Constraining the total aerosol indirect effect in the LMDZ and ECHAM4 GCMs using MODIS satellite data J. Quaas1,3, O. Boucher2,3, and U. Lohmann4 1Max Planck Institute for Meteorology, Hamburg, Germany 2Laboratoire d’Optique Atmosphérique, CNRS/Université des Sciences et Technologies de Lille, Villeneuve d’Ascq, France 3Hadley Centre, Met Office, Exeter, UK 4Institute for Atmospheric and Climate Science, ETH Zurich, Switzerland
Abstract. Aerosol indirect effects are considered to be the most uncertain yet
important anthropogenic forcing of climate change. The goal of the present
study is to reduce this uncertainty by constraining two different general
circulation models (LMDZ and ECHAM4) with satellite data. We build a
statistical relationship between cloud droplet number concentration and the
optical depth of the fine aerosol mode as a measure of the aerosol indirect
effect using MODerate Resolution Imaging Spectroradiometer (MODIS) satellite
data, and constrain the model parameterizations to match this relationship.

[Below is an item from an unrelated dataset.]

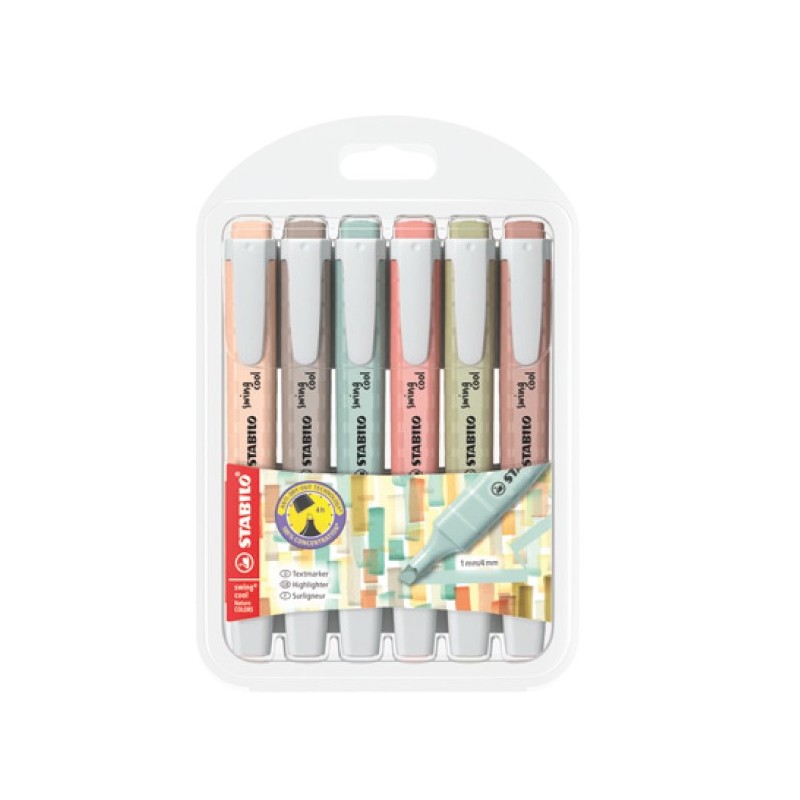 EVID.STABILO SWING NATURE -6colori 275/6-09 EVID.STABILO SWING NATURE -6colori 275/6-09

We include here "empirical" formulations for the cloud albedo effect as
well as parameterizations of the cloud lifetime effect. When fitting the
model parameterizations to the satellite data, consistently in both models,
the radiative forcing by the combined aerosol indirect effect is reduced
considerably, down to
−0.5 and −0.3 Wm−2, for LMDZ and ECHAM4, respectively.
Citation: Quaas, J., Boucher, O., and Lohmann, U.: Constraining the total aerosol indirect effect in the LMDZ and ECHAM4 GCMs using MODIS satellite data, Atmos. Chem. Phys., 6, 947-955, doi:10.5194/acp-6-947-2006, 2006.